[gpaw-users] Regarding 'RuntimeError: Atoms objects on different processors are not identical!'
Ask Hjorth Larsen
asklarsen at gmail.com
Mon Mar 16 12:59:43 CET 2015
Hello
Yes. But the implementation is meant to avoid such things.
Could you please check with one of the common functionals if you get the
error, e.g. pbe? If you don't, then we know that the problem is within the
vdw-beef implementation which helps a lot.
Best regards
Ask
El 16/03/2015 11:31, "Yuriy Elesin" <yuel at topsoe.dk> escribió:
> Hi Ask,
>
> After updating to the latest trunk version of gpaw and ase the script
> works, but now instead of failing after 4-5 iterations, it fails after
> 20-70 iterations. It worked once out of about 8 runs. During that
> successful run it managed to converge after 74 iterations. The rest of the
> runs (running on 24-32 cores) it was reaching the tolerance of 1e-8 after
> some random 20-70 number of iterations.
>
> It appears that the error in atom positions on different cores increases
> over time and does not diffuse out. I do not know about Gpaw internal
> structure, but for MPI codes it might happen if part of the calculations
> are repeated on different MPI processes, and it is expected that the result
> of such duplicate calculation would be the same. If it is not the same (the
> reason might be different order of instruction execution) then it 1) might
> diffuse itself out if the problem if of diffusive type (or it is introduced
> artificially) or 2) accumulate the error if there is no natural physical
> diffusion in the problem and it is not introduced artificially.
>
> Again I do not know the internal structure of gpaw, but if the source of
> error is not clear, a solution might be is to introduce some artificial
> diffusion. E.g. all atom positions on different MPI ranks are averaged
> every now and then.
>
> Here is the input script:
> # ===========================================
> #!/usr/bin/env python
> from ase.io import read
> from ase.optimize import BFGS
> # from ase.data.molecules import molecule
> from ase import Atom,Atoms
> import numpy as np
> from ase.constraints import FixAtoms
> from gpaw import GPAW,FermiDirac, MixerSum
> from ase.visualize import view
> import ase.utils.geometry as geometry
>
> #read unit cell and positions
> atoms = read('dyn1.traj')
>
> # set and start calculator and optimizer
> calc =
> GPAW(xc='BEEF-vdW',kpts=[1,1,1],h=0.20,mixer=MixerSum(),spinpol=True,
> maxiter=300,occupations=FermiDirac(width=0.1),txt='gpaw.txt')

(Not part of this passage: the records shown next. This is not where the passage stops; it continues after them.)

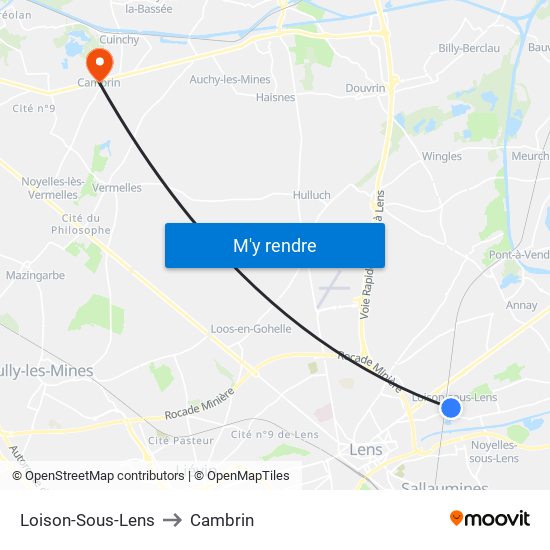 Loison-Sous-Lens to Cambrin map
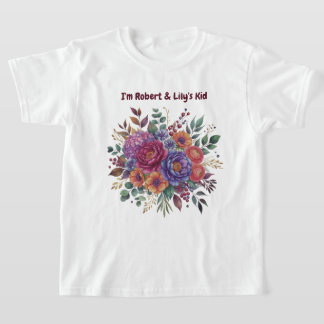 Personlig färgrik blomstert-shirt för barn t shirt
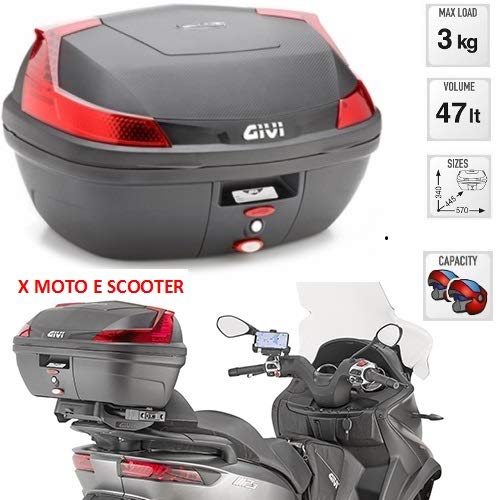 GIVI B47 Blade - Maleta baúl Negro con Relieve de 47 litros de Volumen, catadióptricos Rojos, fijación monólock, Incluye Placa y Kit Universal para 2 Cascos modulares 340 x 445 x 570 mm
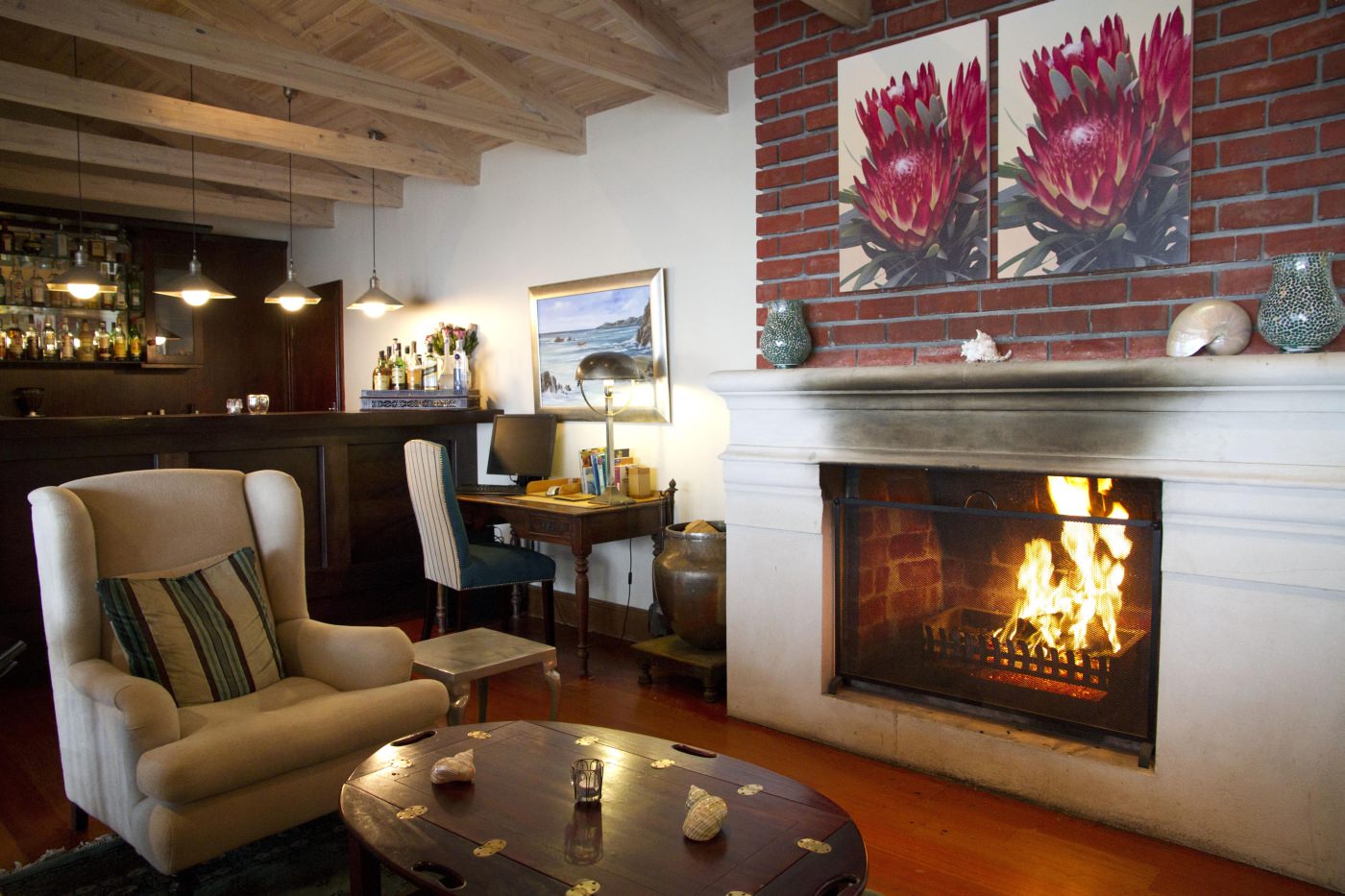 Entspannen sie vor dem Kamin 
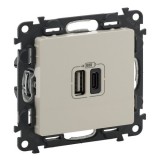 Розетка USB type-С + type-A, 3.0A, Valena LIFE, двойная, цвет слоновая кость 753206 Legrand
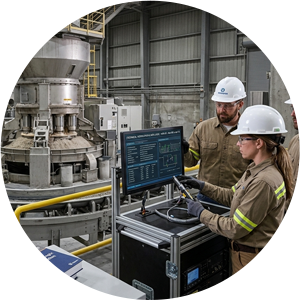 CEM POWER procurement team performing technical calibration and logic verification for a newly sourced vertical raw mill and automation system at a cement plant.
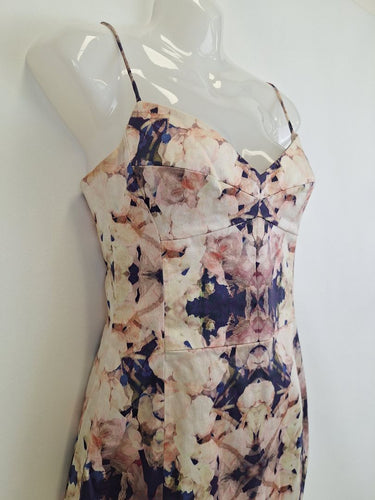 Second-Hand - Saba Patterned Panelled Sleek Midi Dress Size 8 - SwapUp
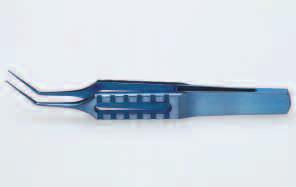 F-2043P 11mm Angled Kelman style IOL insertion forceps with highly polished tips.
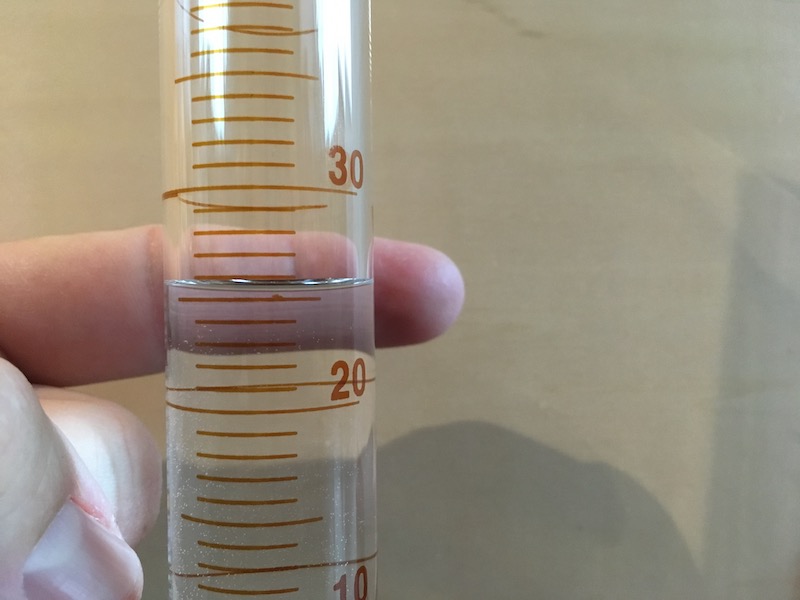 10 mL graduated cylinder filled for measurement practice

> atoms.set_calculator(calc)
>
> atoms.write('test.traj')
>
> dyn =BFGS(atoms,trajectory='dyn2.traj' ,logfile = 'dyn2.log')
> dyn.run(fmax=0.03)
> calc.write('gpaw.gpw')
> # ===========================================
> And the input file:
>
>
> Kind regards
> Yuriy
>
>
> From: "Yuriy Elesin" <yuel at topsoe.dk> To: Ask Hjorth Larsen <
> asklarsen at gmail.com>, Cc: gpaw-users <gpaw-users at listserv.fysik.dtu.dk>
> Date: 03/04/2015 02:53 PM Subject: Re: [gpaw-users] Regarding
> 'RuntimeError: Atoms objects on different processors are not identical!' Sent
> by: gpaw-users-bounces at listserv.fysik.dtu.dk
> ------------------------------
>
>
>
> Hi Ask
>
> The version we have is 0.10.0.11364. I will try the trunk and let you know
> the results
>
> Kind regards
> Yuriy
>
> From: Ask Hjorth Larsen <asklarsen at gmail.com> To: Yuriy Elesin <
> yuel at topsoe.dk>, Cc: Morten Niklas Gjerding <mogje at fysik.dtu.dk>,
> gpaw-users <gpaw-users at listserv.fysik.dtu.dk>, Hanne Falsig <
> hafa at topsoe.dk> Date: 03/03/2015 08:16 PM Subject: Re: [gpaw-users]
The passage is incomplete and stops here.